**DATA PROVIDED**
........

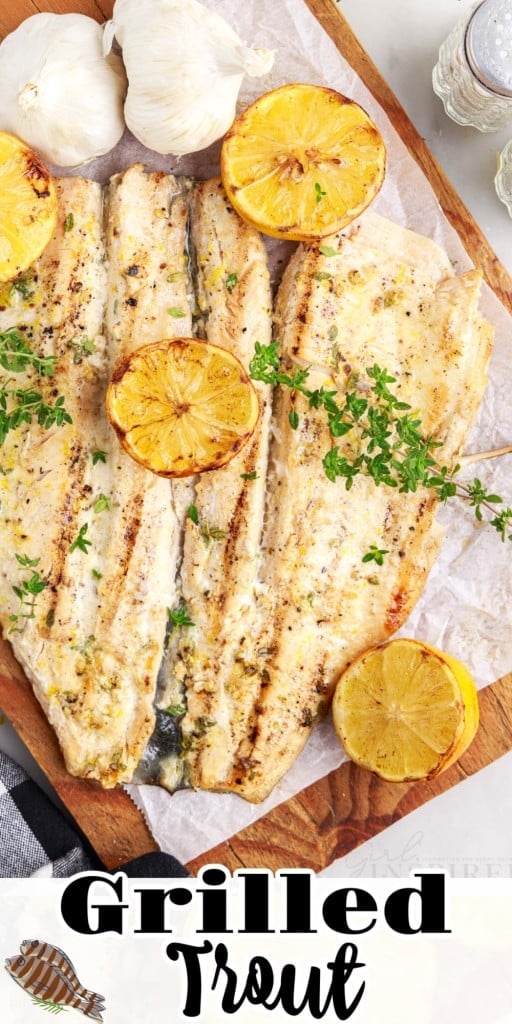 Grilled Trout on a wooden board, served over a parchment paper with half-cut lemons, scattered herbs and two whole garlics placed around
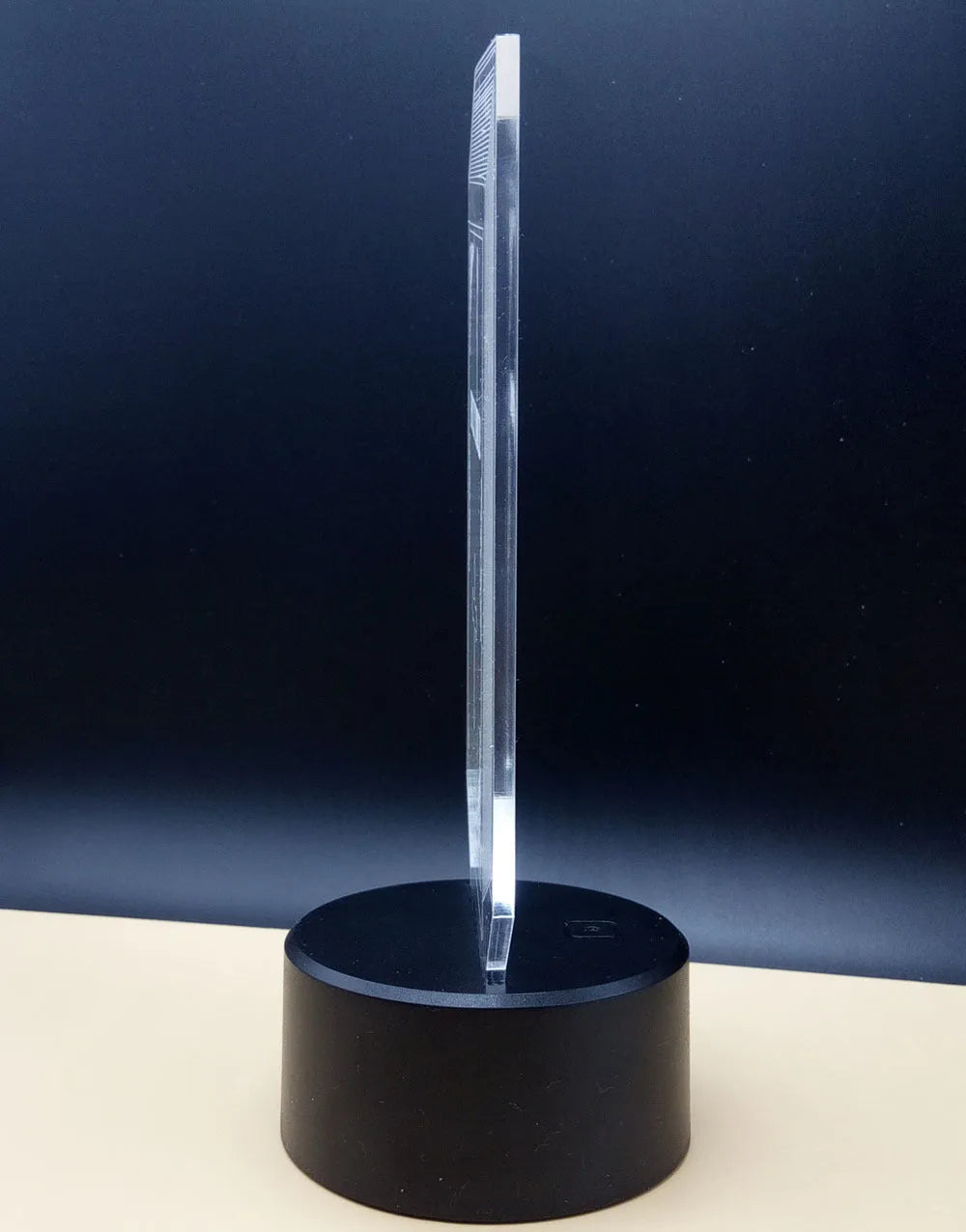 3D acrylic rose flower night light with remote control on a table, displaying purple light.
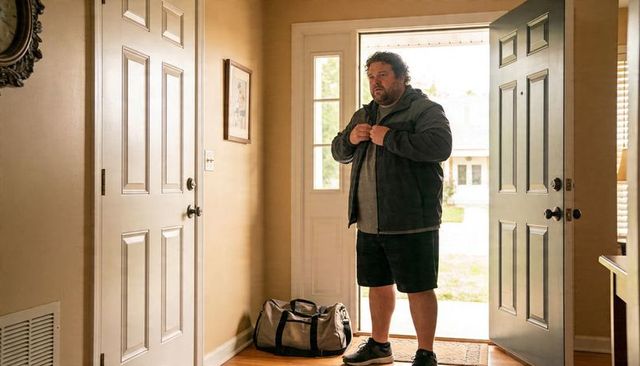 Man buttoning jacket in sunlit suburban entryway with duffel bag and open door
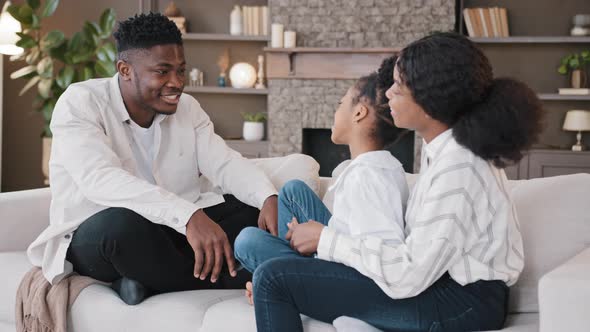 African Family Adult Parents and Schoolgirl Daughter Girl Child Sitting on Sofa at Home in Living alt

........

**TASK DIRECTIONS**
The reply has to reproduce every line above verbatim and contain no pictures.

**TASK SOLUTION**
 Grilled Trout on a wooden board, served over a parchment paper with half-cut lemons, scattered herbs and two whole garlics placed around
 3D acrylic rose flower night light with remote control on a table, displaying purple light.
 Man buttoning jacket in sunlit suburban entryway with duffel bag and open door
 African Family Adult Parents and Schoolgirl Daughter Girl Child Sitting on Sofa at Home in Living alt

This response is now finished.